Wealth inequality has also deepened along racial and ethnic lines since the end of the Great Recession.

“The wealth gap between America’s high income group and everyone else has reached record high levels since the economic recovery from the Great Recession of 2007-09, with a clear trajectory of increasing wealth for the upper-income families and no wealth growth for the middle- and lower-income families,” the analysis says. The report is based on data from the Federal Reserve Bank’s Survey of Consumer Finances.

Widest Wealth Gap

The PEW analysis shows that the wealth gap is the widest since the Fed started collecting the consumer data three decades ago.

The median wealth of upper-income families was nearly seven times that of middle-income families in 2013. Upper-income families are 70 times wealthier than lower-income families.

PEW classified 46 percent of Americans as middle income in 2013. One-third were lower income, and 21 percent were upper income.

The wealth gap between middle-income families and upper-income households has increased during the recovery from the Great Recession, which lasted from December 2007 to June 2009.

Between 2010 and 2013, the median wealth of upper-income households increased from $595,300 to $639,400 in 2013 dollars. The median-income of middle-income households stagnated at $96,500 during those years.

The wealth of all three groups declined from 2007 to 2010. But middle-income and lower-income families were hit harder than upper-income families.

From 2007 to 2010, the median wealth of upper-income families declined 17 percent, while lower-income families suffered a 41 percent decline and middle-income families lost 39 percent.
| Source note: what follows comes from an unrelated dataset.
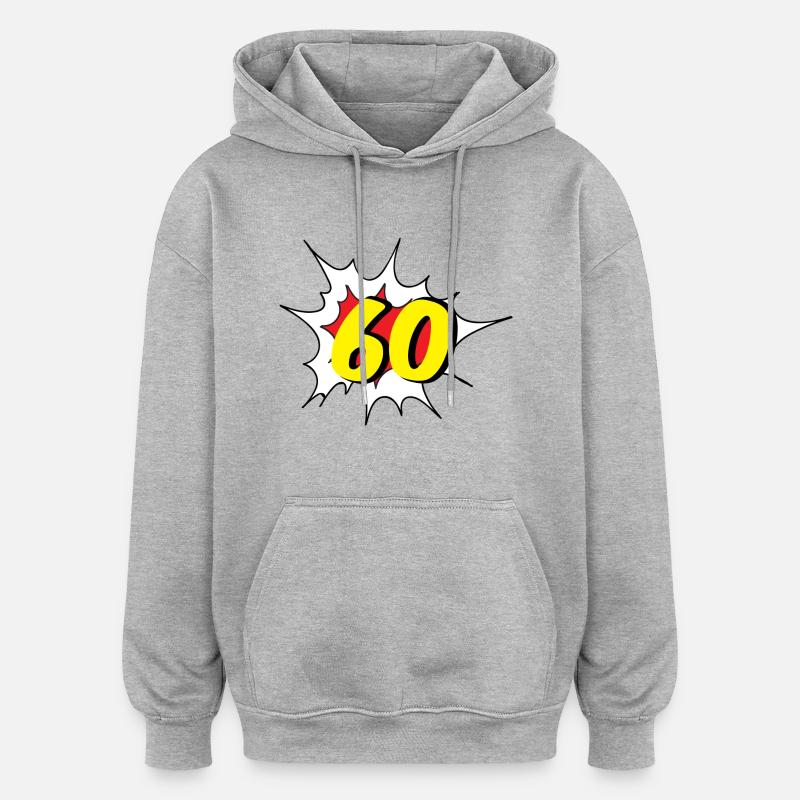 60e anniversaire: 60 - Sweat à capuche oversize unisexe - gris chiné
“The Great Recession destroyed a significant amount of middle-income and lower-income families’ wealth, and the economic ‘recovery’ has yet to be felt for them,” the analysis says. “Without any palpable increase in their wealth since 2010, middle-and lower-income families’ wealth levels in 2013 are comparable to where they were in the early 1990s.”

Growing Racial and Ethnic Disparity

An earlier Pew study examined the racial and ethnic wealth gap.
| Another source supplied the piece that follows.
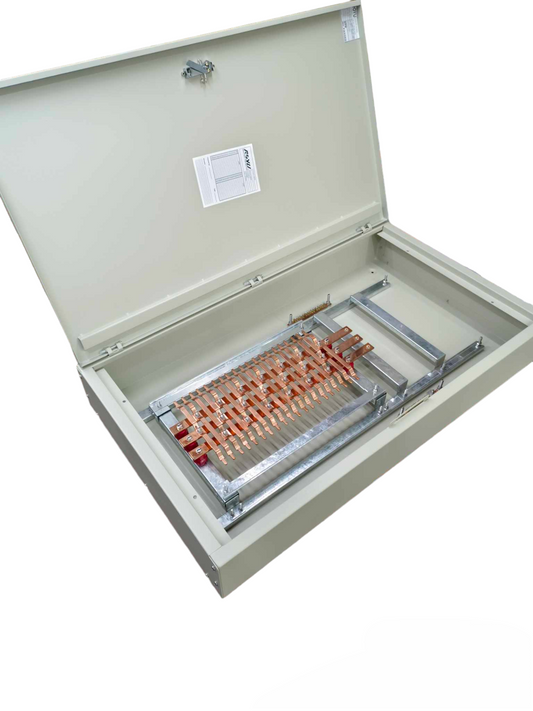 Schneider Royu EZC250H 3 Pole Main and 20 Branches electrical panel with copper busbars and metal enclosure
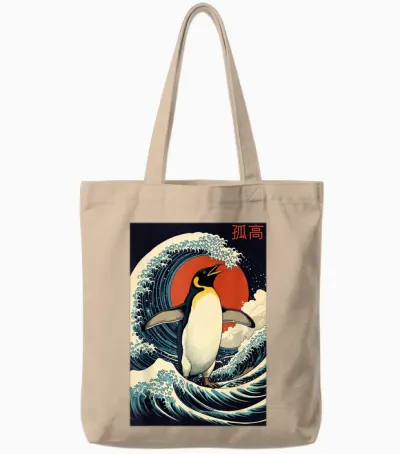 Alone Pinguin Japanische Kunst Lustige Grafik Für Frauen Und Männer Tote Bags - Natural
That analysis, released Dec. 12, found that the median wealth of white households was 13 times the median wealth of black households in 2013, compared to eight times higher in 2010. During the same period, the median wealth of white families households grew from 8.7 to 10.3 times that of Latino households.
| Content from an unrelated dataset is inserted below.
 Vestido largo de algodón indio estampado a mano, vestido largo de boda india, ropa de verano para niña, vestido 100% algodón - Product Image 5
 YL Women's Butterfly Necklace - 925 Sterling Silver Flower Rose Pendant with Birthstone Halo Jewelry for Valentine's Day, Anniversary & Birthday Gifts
Between 2010 and 2013, the median net worth of white households fell from $192,500 to $141,000. The median net worth of black households dropped from $19,200 to $11,000 and that of Latinos went down from $23,600 to $13,700.

5% of Households Own 63% of the Wealth

Fed Chair Janet L. Yellen discussed inequality during a conference at the Boston Federal Reserve Bank on Oct. 17.

“The distribution of wealth is even more unequal than that of income,” Yellen said. She added that the Survey of Consumer Finances shows that “wealth inequality has increased more than income inequality since 1989.”

The disparities in wealth in the United States are staggering.
In 1989, the wealthiest 5 percent of households owned 54 percent of the wealth. Their share increased to 61 percent in 2010 and 63 percent in 2013.

The other households in the top half of wealth distribution—families with a net worth between $81,000 to $1.9 million in 2013—saw their holdings drop from 43 percent in 1989 to 36 percent in 2013.

The holdings of the bottom half of families—made up of 62 million households—fell from 3 percent of the country’s total wealth in 1989 to just 1 percent in 2013.

The average net worth of the bottom half of those households was $11,000 in 2013—50 percent lower than in 1989, adjusted for inflation. About one-fourth of these families reported having zero net worth or being in debt.